*DATASET CONTENT*:
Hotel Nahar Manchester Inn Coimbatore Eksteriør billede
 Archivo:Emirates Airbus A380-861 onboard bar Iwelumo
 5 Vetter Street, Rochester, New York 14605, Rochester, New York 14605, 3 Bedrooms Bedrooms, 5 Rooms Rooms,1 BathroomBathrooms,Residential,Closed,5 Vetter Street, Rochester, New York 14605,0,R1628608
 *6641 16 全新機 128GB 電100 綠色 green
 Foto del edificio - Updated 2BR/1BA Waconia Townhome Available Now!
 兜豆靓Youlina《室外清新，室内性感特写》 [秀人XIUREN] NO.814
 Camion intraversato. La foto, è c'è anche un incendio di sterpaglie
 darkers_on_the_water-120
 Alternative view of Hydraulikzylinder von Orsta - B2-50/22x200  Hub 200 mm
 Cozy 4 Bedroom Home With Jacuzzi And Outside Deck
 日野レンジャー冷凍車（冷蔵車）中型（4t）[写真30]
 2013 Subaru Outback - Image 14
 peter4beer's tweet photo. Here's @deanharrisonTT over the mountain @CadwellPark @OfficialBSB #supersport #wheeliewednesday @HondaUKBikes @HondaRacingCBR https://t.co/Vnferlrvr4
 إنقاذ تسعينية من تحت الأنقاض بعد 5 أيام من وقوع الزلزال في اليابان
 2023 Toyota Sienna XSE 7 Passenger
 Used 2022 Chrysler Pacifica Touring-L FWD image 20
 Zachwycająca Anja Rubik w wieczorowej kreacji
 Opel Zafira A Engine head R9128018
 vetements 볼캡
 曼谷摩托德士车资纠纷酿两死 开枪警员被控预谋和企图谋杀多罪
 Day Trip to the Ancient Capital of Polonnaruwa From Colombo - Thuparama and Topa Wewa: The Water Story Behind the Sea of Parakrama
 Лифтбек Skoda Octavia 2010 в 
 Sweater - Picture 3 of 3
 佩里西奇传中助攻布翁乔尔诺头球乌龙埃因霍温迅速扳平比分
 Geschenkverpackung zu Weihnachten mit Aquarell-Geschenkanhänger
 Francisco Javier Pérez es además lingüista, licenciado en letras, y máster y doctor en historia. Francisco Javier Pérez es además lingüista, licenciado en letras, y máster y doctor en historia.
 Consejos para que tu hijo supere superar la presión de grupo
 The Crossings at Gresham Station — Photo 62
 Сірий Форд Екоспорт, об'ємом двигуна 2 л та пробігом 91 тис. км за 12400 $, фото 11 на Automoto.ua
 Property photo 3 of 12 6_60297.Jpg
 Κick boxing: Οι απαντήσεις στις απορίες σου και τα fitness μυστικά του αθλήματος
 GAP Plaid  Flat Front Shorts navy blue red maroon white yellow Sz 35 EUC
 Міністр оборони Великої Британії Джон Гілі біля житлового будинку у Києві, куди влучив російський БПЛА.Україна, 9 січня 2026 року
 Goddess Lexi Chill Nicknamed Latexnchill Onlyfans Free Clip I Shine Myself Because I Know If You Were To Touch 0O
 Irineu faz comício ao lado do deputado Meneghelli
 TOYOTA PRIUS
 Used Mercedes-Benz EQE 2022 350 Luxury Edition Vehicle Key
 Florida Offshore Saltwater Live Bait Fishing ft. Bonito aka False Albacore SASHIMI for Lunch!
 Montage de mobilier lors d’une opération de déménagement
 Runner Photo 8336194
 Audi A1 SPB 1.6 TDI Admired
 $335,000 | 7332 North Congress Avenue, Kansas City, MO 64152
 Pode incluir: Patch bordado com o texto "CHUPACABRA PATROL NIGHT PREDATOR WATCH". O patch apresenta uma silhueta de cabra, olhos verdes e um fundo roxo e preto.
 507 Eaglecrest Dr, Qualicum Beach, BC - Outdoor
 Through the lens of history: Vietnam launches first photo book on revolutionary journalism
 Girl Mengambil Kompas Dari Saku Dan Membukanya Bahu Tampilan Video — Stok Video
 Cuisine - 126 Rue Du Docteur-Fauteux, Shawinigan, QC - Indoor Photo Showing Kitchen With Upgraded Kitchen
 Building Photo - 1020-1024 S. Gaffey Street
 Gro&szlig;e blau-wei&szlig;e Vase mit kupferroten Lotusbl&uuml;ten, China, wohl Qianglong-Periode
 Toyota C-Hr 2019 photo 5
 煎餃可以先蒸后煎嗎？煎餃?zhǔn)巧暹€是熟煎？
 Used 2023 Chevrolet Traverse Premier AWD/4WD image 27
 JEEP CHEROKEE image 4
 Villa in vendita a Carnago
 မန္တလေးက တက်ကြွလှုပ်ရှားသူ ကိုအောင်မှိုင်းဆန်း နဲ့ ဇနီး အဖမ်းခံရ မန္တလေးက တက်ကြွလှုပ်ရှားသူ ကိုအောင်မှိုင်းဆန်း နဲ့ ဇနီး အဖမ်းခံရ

*WHAT TO DO*:
In exact wording, restate the lines of the data above from the first through the one holding "Day Trip to", and stop after that line.

*RESULT OF THIS EXERCISE*:
Hotel Nahar Manchester Inn Coimbatore Eksteriør billede
 Archivo:Emirates Airbus A380-861 onboard bar Iwelumo
 5 Vetter Street, Rochester, New York 14605, Rochester, New York 14605, 3 Bedrooms Bedrooms, 5 Rooms Rooms,1 BathroomBathrooms,Residential,Closed,5 Vetter Street, Rochester, New York 14605,0,R1628608
 *6641 16 全新機 128GB 電100 綠色 green
 Foto del edificio - Updated 2BR/1BA Waconia Townhome Available Now!
 兜豆靓Youlina《室外清新，室内性感特写》 [秀人XIUREN] NO.814
 Camion intraversato. La foto, è c'è anche un incendio di sterpaglie
 darkers_on_the_water-120
 Alternative view of Hydraulikzylinder von Orsta - B2-50/22x200  Hub 200 mm
 Cozy 4 Bedroom Home With Jacuzzi And Outside Deck
 日野レンジャー冷凍車（冷蔵車）中型（4t）[写真30]
 2013 Subaru Outback - Image 14
 peter4beer's tweet photo. Here's @deanharrisonTT over the mountain @CadwellPark @OfficialBSB #supersport #wheeliewednesday @HondaUKBikes @HondaRacingCBR https://t.co/Vnferlrvr4
 إنقاذ تسعينية من تحت الأنقاض بعد 5 أيام من وقوع الزلزال في اليابان
 2023 Toyota Sienna XSE 7 Passenger
 Used 2022 Chrysler Pacifica Touring-L FWD image 20
 Zachwycająca Anja Rubik w wieczorowej kreacji
 Opel Zafira A Engine head R9128018
 vetements 볼캡
 曼谷摩托德士车资纠纷酿两死 开枪警员被控预谋和企图谋杀多罪
 Day Trip to the Ancient Capital of Polonnaruwa From Colombo - Thuparama and Topa Wewa: The Water Story Behind the Sea of Parakrama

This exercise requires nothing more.